Given data:
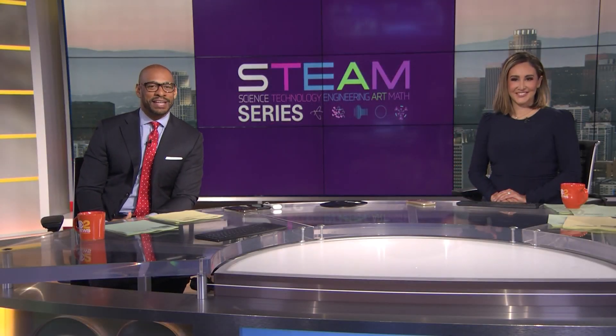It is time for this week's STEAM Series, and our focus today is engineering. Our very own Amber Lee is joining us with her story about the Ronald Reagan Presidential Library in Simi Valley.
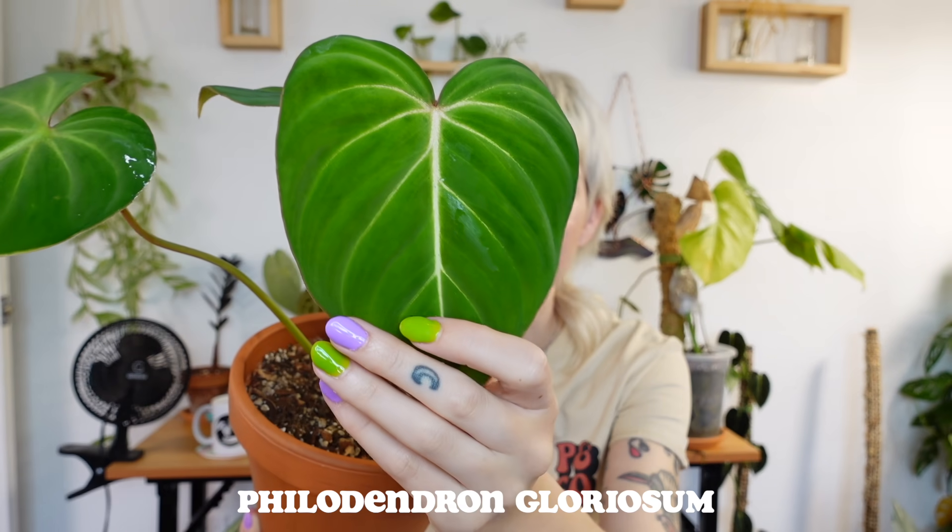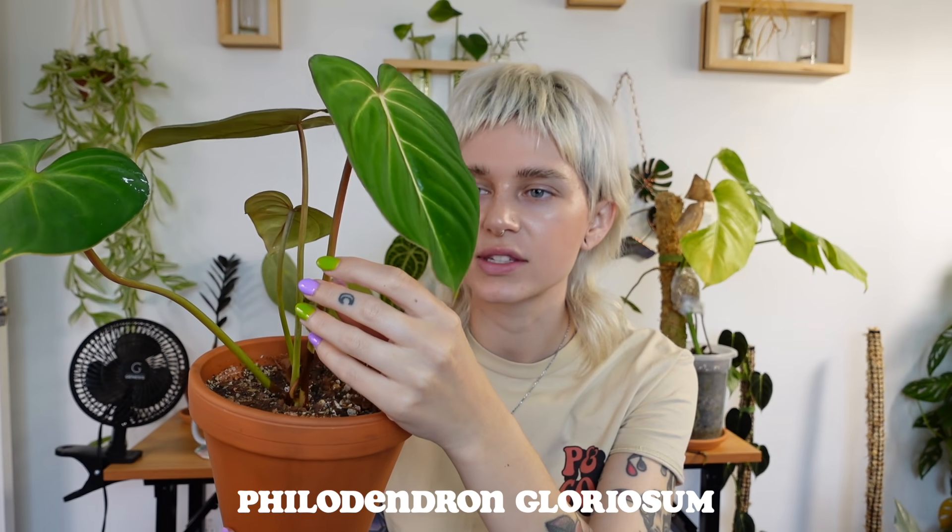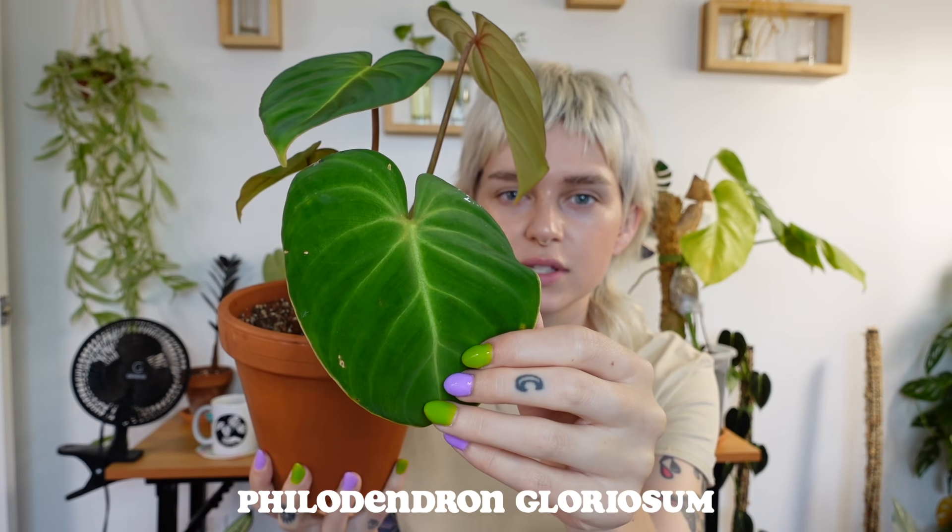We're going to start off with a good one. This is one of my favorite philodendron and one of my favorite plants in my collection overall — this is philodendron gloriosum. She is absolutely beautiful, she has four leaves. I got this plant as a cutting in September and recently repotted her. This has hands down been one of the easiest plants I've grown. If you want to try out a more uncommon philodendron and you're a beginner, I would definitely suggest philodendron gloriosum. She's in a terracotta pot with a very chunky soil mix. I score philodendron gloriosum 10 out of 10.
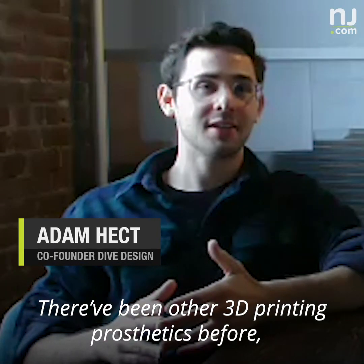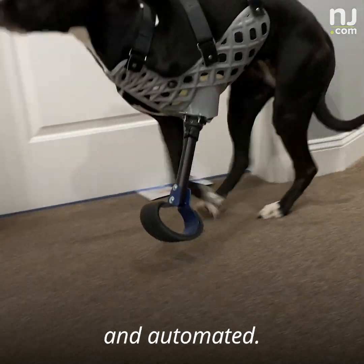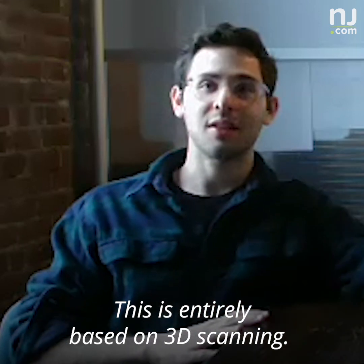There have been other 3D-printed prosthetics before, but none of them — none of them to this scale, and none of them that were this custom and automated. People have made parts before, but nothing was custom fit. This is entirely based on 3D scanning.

Problem statement: Please copy the lines above exactly as written, apart from any pictures.

Answer for the task:
It is time for this week's STEAM Series, and our focus today is engineering. Our very own Amber Lee is joining us with her story about the Ronald Reagan Presidential Library in Simi Valley.
We're going to start off with a good one. This is one of my favorite philodendron and one of my favorite plants in my collection overall — this is philodendron gloriosum. She is absolutely beautiful, she has four leaves. I got this plant as a cutting in September and recently repotted her. This has hands down been one of the easiest plants I've grown. If you want to try out a more uncommon philodendron and you're a beginner, I would definitely suggest philodendron gloriosum. She's in a terracotta pot with a very chunky soil mix. I score philodendron gloriosum 10 out of 10.
There have been other 3D-printed prosthetics before, but none of them — none of them to this scale, and none of them that were this custom and automated. People have made parts before, but nothing was custom fit. This is entirely based on 3D scanning.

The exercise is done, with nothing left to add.